Our carbon-carbon bond cleavage study is based upon the notion that metal-phenyl bonds are the strongest metal-carbon bonds. Cleavage of the C-C bonds in biaryl systems will therefore give two very strong metal-aryl bonds, and consequently offers the most thermodynamically preferred situation for observing C-C cleavage.

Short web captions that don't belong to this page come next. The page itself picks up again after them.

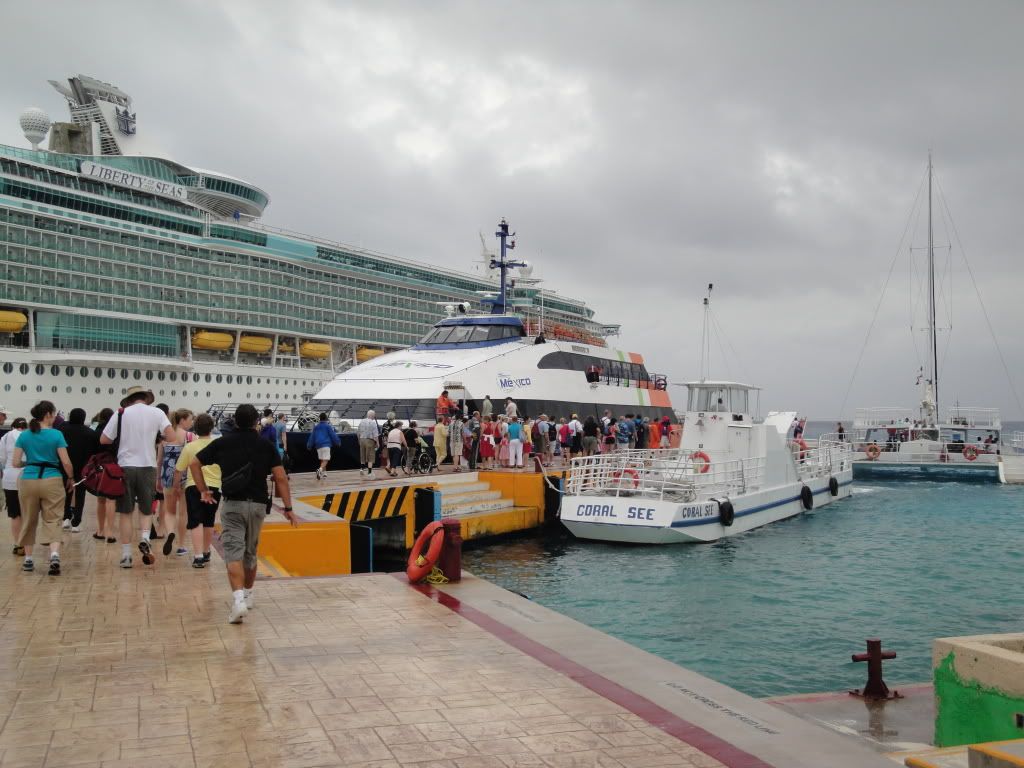 DSC02642.jpg
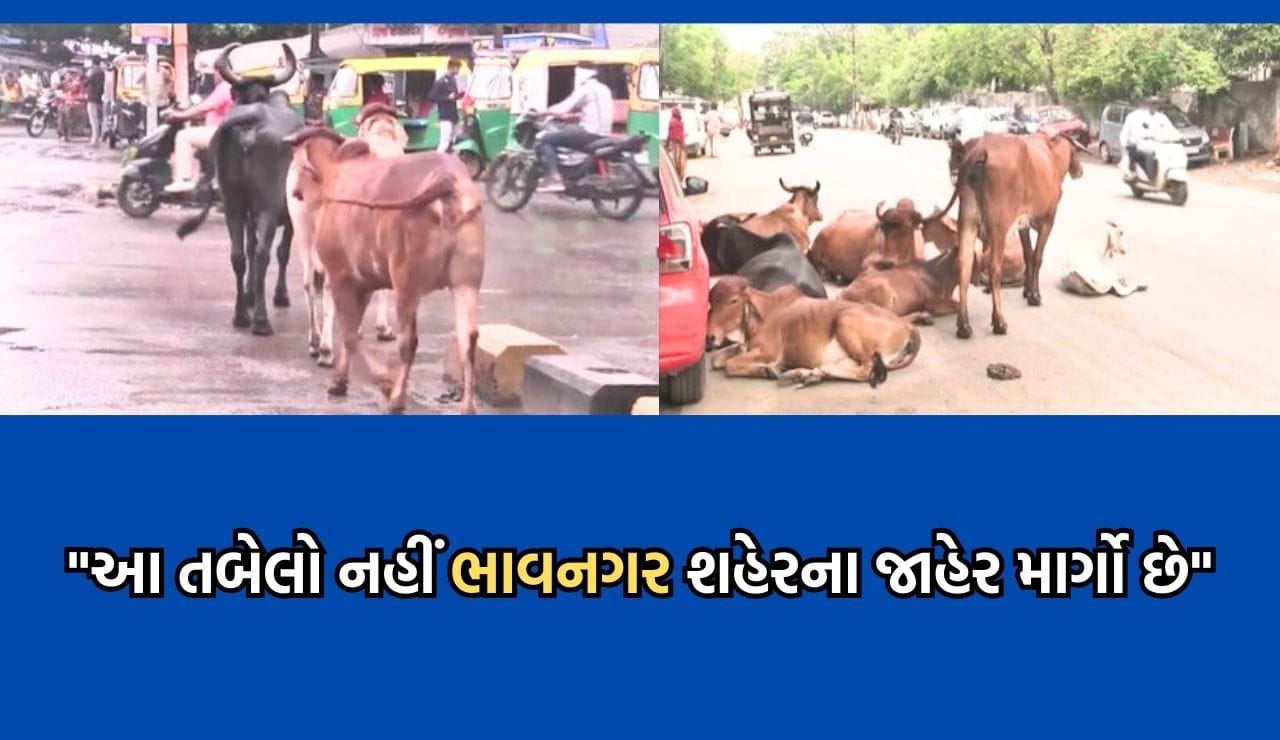 હવે તંત્ર કંઈ સામુ જુએ તો સારુ: ભાવનગરમાં બિસમાર રસ્તા અને રખડતા ઢોરની સમસ્યાએ મુકી માઝા- જુઓ Video હવે તંત્ર કંઈ સામુ જુએ તો સારુ: ભાવનગરમાં બિસમાર રસ્તા અને રખડતા ઢોરની સમસ્યાએ મુકી માઝા- જુઓ Video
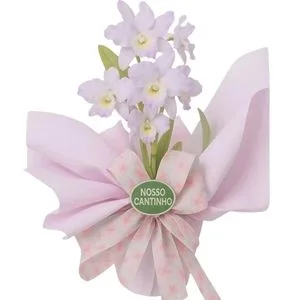 Orquídea Denphales Lilás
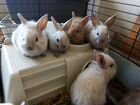Декоративные карликовые мини кролики объявление продам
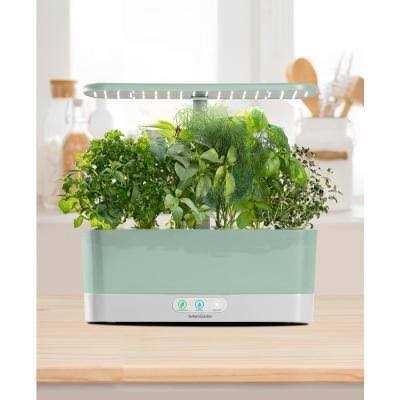 AeroGarden Harvest Slim Seed Starting System Bundle - Image 4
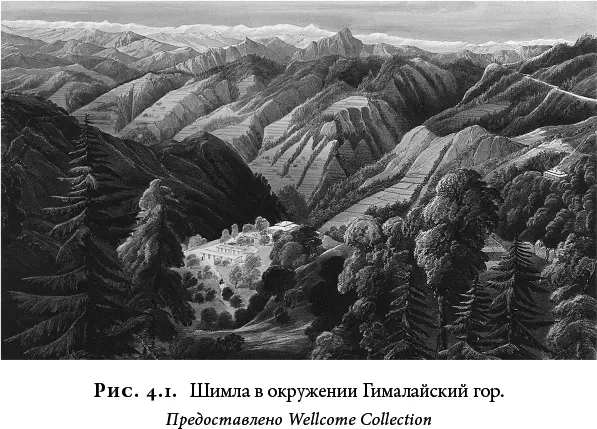 Эта фраза собственно говоря и объясняла назначение Уокера Британской - фото 25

We have had some success in C-C cleavage with biphenylene, a molecule with a weaker C-C bond than biphenyl. The success has to do with the use of several new platinum based metal systems for C-C cleavage. We are nearing completion of the C-C cleavage of biphenylene by Pt(PEt3)3, which catalytically produces tetraphenylene. This work will be written up for publication, and we will continue hydrogenolysis studies using this catalyst system. We have found that Pt(PEt3)2H2 can act as a catalyst, and are pursuing the mechanism of this C-C bond hydrogenolysis. We will extend the studies to include palladium and nickel complexes for comparison. We will also continue studies of complexes of the type [Pt(chelating phosphine)]. Control of the bite angle of the chelate has been found to be an important factor in tailoring the reactivity of the PtL2 fragment, and we will take advantage of knowledge of these factors.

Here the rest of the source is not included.